Edit: The problem actually doesn't ask for the volume, so we don't need it. But the area of cross-section we computed in the unnecessary volume part is used in the work part.
Volume: Let $A(y)$ be the area of cross-section at "height" $y$. The cross-section is a circle of radius $x$, where $y=2(x^2-4)$. Note that when $x=0$ we have $y=-8$.
The area of cross-section is $\pi x^2$. Express this in terms of $y$. From $y=2(x^2-4)$ we find that $x^2=\frac{y}{2}+4$. So we want $\int_{-8}^0\pi\left(\frac{y}{2}+4\right)\,dy.$ I think we get $16\pi$.

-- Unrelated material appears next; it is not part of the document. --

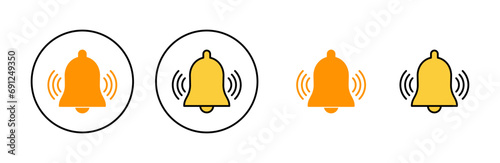 Bell Icon set for web and mobile app. Notification sign and symbol for web site design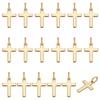 18Pcs Brass Pendants, Cross Charms, Long-Lasting Plated, Real 18K Gold Plated, 12.5x9x1mm, Hole: 3.2mm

Work: Take a slice of "thickness" $dy$ at level $y$, where $y$ goes from $-8$ to $0$. We want to lift this slice to height $y=4$, so through a distance $4-y$. (Note that $y$ will be negative throughout, so $4-y\gt 4$.)

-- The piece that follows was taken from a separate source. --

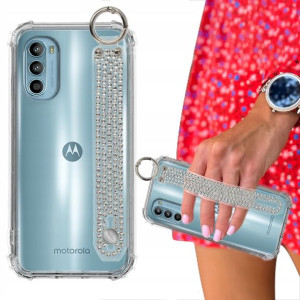 Etui ANTISHOCK + Pasek Cyrkonie do MOTOROLA G52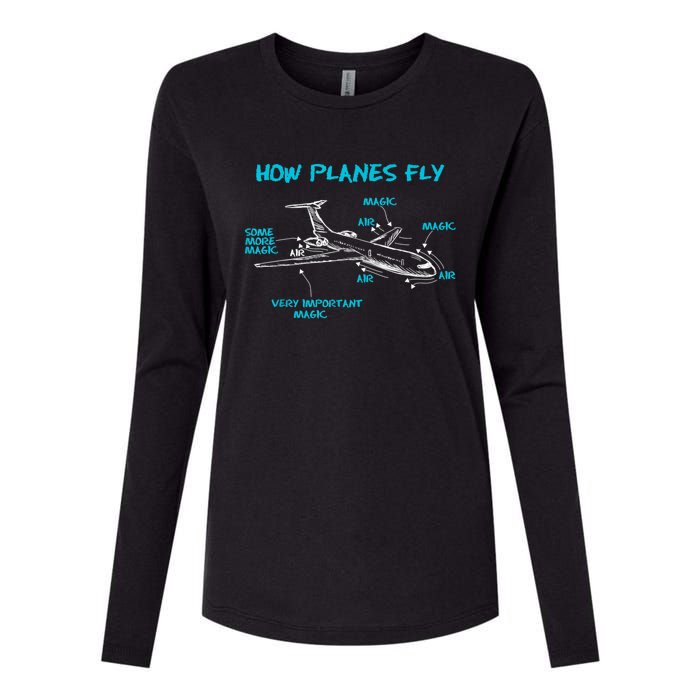 How Planes Fly Funny Aerospace Engineer Engineering Womens Cotton Relaxed Long Sleeve T-Shirt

The volume of the slice is the area of cross-section times $dy$. By our previous work, the area of cross-section is $\pi\left(\frac{y}{2}+4\right)$. So the total work done is $\int_{-8}^0 K(4-y)\pi\left(\frac{y}{2}+4\right)\,dy,$ where $K$ is a constant that depends on the units used, and the value one uses for $g$.